Il est connu pour être le seul clocher au monde à avoir les pieds dans l'eau. Le clocher de Collioure est également connu pour sa forme qui n'est pas sans rappeler l'organe sexuel masculin. Un visuel atypique auquel s'est intéressé le plasticien catalan MA2F depuis plusieurs décennies. Il a même élaboré toute une théorie artistique autour du fameux clocher qui fait aujourd'hui l'objet d'une exposition.
Il est la star incontestée de la baie de Collioure. Un des monuments préférés de la côte catalane. D'abord fanal au Moyen-Age, puis tour de défense et finalement devenu clocher de l'église en 1693, celui que les Catalans appellent le "Campanar" de Collioure attire toujours le regard des passants tant autochtones que vacanciers et titille l'imagination. Il est le seul clocher au monde à avoir les pieds dans l’eau mais il possède une particularité encore plus singulière puisqu'il est surnommé : le clocher phallique.
Il y a un côté phallique. Ce serait mentir que de ne pas le voir.
vacancier
Le clocher phallique
À partir de cette idée, le plasticien et enseignant à l'Université de Paris VIII, Marc-André De Figueres, MA2F, a élaboré une “Théorie Érotique du Clocher de Collioure”, articulée autour de 23 toiles, de dessins et d’une publication. Une théorie, éditée dans un ouvrage en 2002, alimentée par la confrontation de deux documents : une vue topographique de Collioure et une coupe anatomique longitudinale d’une femme enceinte, réalisée d’après des études de Léonard de Vinci sur le corps humain.
L'idée était d'utiliser la topographie de Collioure.

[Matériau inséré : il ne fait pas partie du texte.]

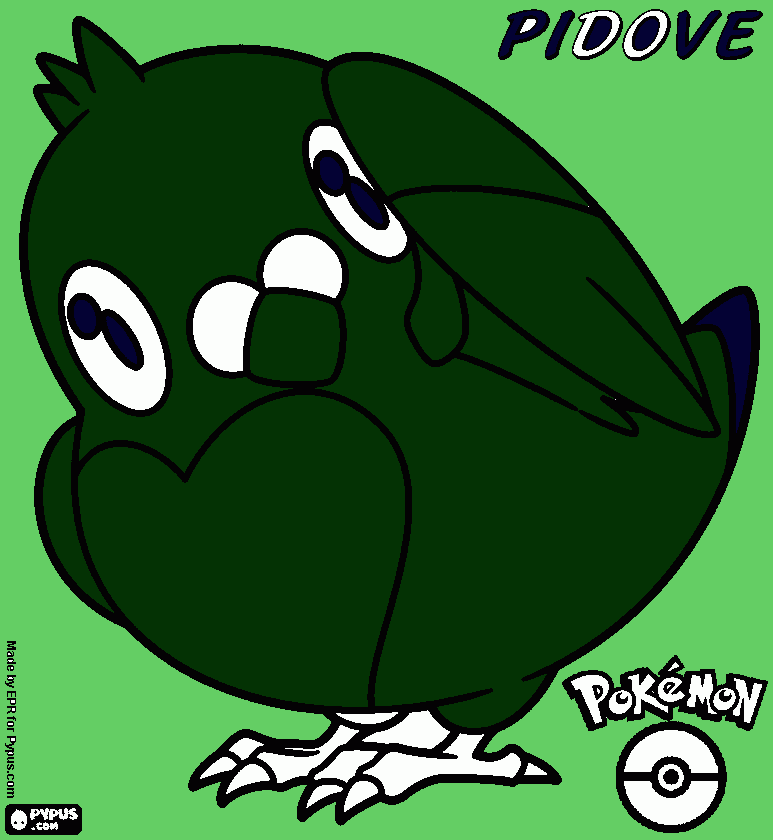 pokemon pidove para colorear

Alors, au Fort Saint-Elme on s'aperçoit que l'aspect phallique du clocher n'est qu'une question de point de vue. C'est-à-dire que si on le voit de très près, il devient immense, si on le voit du Fort Saint-Elme il devient clitoridien. Et là, la jonction entre les deux, le masculin et le féminin s'établit.
MA2F
Point de vue et vue de l'esprit
La comparaison va s'établir par le jeu d’associations anatomiques des différentes parties du port, observées à partir de deux points de vue particuliers, de près ou de loin. Celle-ci est une vue de l’esprit, une reconstruction de la réalité un peu comme dans un procédé en trois dimensions. Une transposition du paysage à partir de deux images juxtaposées, à priori identiques mais en réalité légèrement différentes parce que conçues l’une pour l’œil droit et l’autre pour l’œil gauche.

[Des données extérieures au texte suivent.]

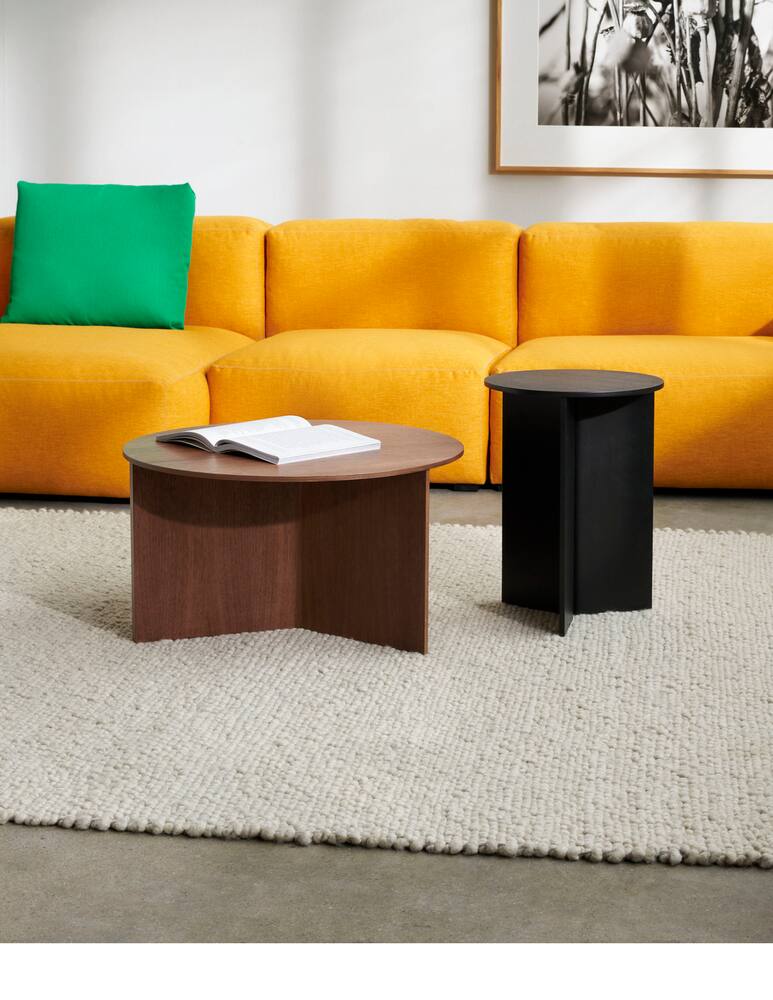 rinascente Hay Slit Table Round - Black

Les deux yeux ne voyant pas les mêmes choses, le cerveau va superposer les deux propositions pour n'en former qu'une seule, une image nouvelle, recomposée, imaginaire mais bien vivante, qui va synthétiser les nouveaux pôles topographiques attribués au corps.
De la théorie à une exposition
De cette réflexion entamée il y a plus de vingt ans est née, cette année, une exposition. Forte d'une vingtaine de toiles pour exprimer la dualité du genre du monument colliourencque en utilisant trois états du spectre de la lumière.

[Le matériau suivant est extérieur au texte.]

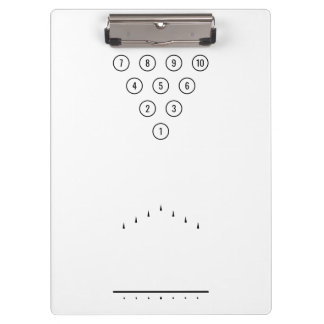 Porte-bloc Bowler's Best Friend Bowling Pins and Lane Chart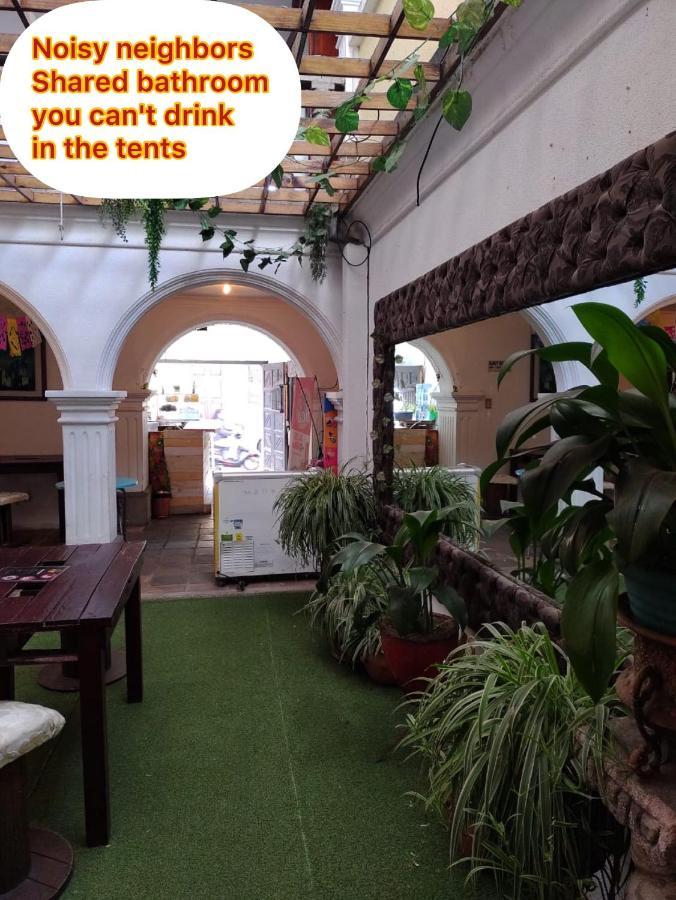 فندق أنتيغوا غواتيمالافي  La Gaceta Camping المظهر الخارجي الصورة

Quand on est en dessous du rouge, la première couleur qu'on voit, on est dans l'infrarouge. Donc là on voit un côté beaucoup plus féminin. Quand on passe au-delà du violet, c'est-à-dire dans l'ultraviolet, on voit la partie beaucoup plus masculine. Quand les deux se réunissent, on a un ensemble possible des visions de l'œuvre.
MA2F
Une nouvelle édition de cette théorie vient de paraître, 88 pages chez Balzac Editeur. Quant à l'exposition, elle est à découvrir à la galerie de l'ancienne Mairie à Collioure jusqu'au 14 septembre. Sea, sex and sun.